------ Extracted records ------
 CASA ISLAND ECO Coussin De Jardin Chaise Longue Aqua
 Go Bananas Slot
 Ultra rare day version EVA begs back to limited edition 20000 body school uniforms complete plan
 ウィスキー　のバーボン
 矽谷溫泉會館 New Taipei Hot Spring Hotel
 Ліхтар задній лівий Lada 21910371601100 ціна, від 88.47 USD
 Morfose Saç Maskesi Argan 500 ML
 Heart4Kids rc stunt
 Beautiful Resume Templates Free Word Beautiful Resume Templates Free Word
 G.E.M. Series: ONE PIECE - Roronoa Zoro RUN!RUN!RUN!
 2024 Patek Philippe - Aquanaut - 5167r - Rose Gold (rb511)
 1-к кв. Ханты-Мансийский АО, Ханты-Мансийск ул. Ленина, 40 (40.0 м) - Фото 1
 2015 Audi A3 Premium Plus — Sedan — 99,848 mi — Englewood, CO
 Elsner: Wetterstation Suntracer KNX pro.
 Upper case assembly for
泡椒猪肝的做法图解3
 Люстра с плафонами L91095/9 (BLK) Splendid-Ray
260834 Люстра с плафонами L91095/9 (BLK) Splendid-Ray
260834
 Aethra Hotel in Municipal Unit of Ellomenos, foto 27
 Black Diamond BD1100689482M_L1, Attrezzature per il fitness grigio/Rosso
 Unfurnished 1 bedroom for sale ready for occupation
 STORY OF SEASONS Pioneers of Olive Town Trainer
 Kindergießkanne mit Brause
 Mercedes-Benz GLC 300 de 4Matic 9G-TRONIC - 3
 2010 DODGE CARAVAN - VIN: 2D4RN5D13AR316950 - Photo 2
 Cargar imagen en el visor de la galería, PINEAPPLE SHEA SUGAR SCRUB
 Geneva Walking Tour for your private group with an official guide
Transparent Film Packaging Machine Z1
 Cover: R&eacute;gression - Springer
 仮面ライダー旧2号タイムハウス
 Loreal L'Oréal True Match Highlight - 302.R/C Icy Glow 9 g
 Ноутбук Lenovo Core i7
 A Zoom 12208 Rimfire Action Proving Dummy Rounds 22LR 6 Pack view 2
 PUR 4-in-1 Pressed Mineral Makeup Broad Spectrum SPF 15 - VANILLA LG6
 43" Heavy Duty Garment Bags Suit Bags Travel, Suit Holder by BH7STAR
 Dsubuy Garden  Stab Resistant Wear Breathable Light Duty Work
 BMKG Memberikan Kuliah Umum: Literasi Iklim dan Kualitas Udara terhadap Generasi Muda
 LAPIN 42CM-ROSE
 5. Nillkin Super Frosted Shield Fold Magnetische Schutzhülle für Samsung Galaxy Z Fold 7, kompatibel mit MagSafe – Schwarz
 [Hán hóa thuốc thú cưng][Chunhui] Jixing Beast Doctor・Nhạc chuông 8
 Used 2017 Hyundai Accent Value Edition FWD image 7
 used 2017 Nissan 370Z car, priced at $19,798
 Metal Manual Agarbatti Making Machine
------
▶ **Your task**
Everything in the listing above should be duplicated exactly.

▶ **Written response**
 CASA ISLAND ECO Coussin De Jardin Chaise Longue Aqua
 Go Bananas Slot
 Ultra rare day version EVA begs back to limited edition 20000 body school uniforms complete plan
 ウィスキー　のバーボン
 矽谷溫泉會館 New Taipei Hot Spring Hotel
 Ліхтар задній лівий Lada 21910371601100 ціна, від 88.47 USD
 Morfose Saç Maskesi Argan 500 ML
 Heart4Kids rc stunt
 Beautiful Resume Templates Free Word Beautiful Resume Templates Free Word
 G.E.M. Series: ONE PIECE - Roronoa Zoro RUN!RUN!RUN!
 2024 Patek Philippe - Aquanaut - 5167r - Rose Gold (rb511)
 1-к кв. Ханты-Мансийский АО, Ханты-Мансийск ул. Ленина, 40 (40.0 м) - Фото 1
 2015 Audi A3 Premium Plus — Sedan — 99,848 mi — Englewood, CO
 Elsner: Wetterstation Suntracer KNX pro.
 Upper case assembly for
泡椒猪肝的做法图解3
 Люстра с плафонами L91095/9 (BLK) Splendid-Ray
260834 Люстра с плафонами L91095/9 (BLK) Splendid-Ray
260834
 Aethra Hotel in Municipal Unit of Ellomenos, foto 27
 Black Diamond BD1100689482M_L1, Attrezzature per il fitness grigio/Rosso
 Unfurnished 1 bedroom for sale ready for occupation
 STORY OF SEASONS Pioneers of Olive Town Trainer
 Kindergießkanne mit Brause
 Mercedes-Benz GLC 300 de 4Matic 9G-TRONIC - 3
 2010 DODGE CARAVAN - VIN: 2D4RN5D13AR316950 - Photo 2
 Cargar imagen en el visor de la galería, PINEAPPLE SHEA SUGAR SCRUB
 Geneva Walking Tour for your private group with an official guide
Transparent Film Packaging Machine Z1
 Cover: R&eacute;gression - Springer
 仮面ライダー旧2号タイムハウス
 Loreal L'Oréal True Match Highlight - 302.R/C Icy Glow 9 g
 Ноутбук Lenovo Core i7
 A Zoom 12208 Rimfire Action Proving Dummy Rounds 22LR 6 Pack view 2
 PUR 4-in-1 Pressed Mineral Makeup Broad Spectrum SPF 15 - VANILLA LG6
 43" Heavy Duty Garment Bags Suit Bags Travel, Suit Holder by BH7STAR
 Dsubuy Garden  Stab Resistant Wear Breathable Light Duty Work
 BMKG Memberikan Kuliah Umum: Literasi Iklim dan Kualitas Udara terhadap Generasi Muda
 LAPIN 42CM-ROSE
 5. Nillkin Super Frosted Shield Fold Magnetische Schutzhülle für Samsung Galaxy Z Fold 7, kompatibel mit MagSafe – Schwarz
 [Hán hóa thuốc thú cưng][Chunhui] Jixing Beast Doctor・Nhạc chuông 8
 Used 2017 Hyundai Accent Value Edition FWD image 7
 used 2017 Nissan 370Z car, priced at $19,798
 Metal Manual Agarbatti Making Machine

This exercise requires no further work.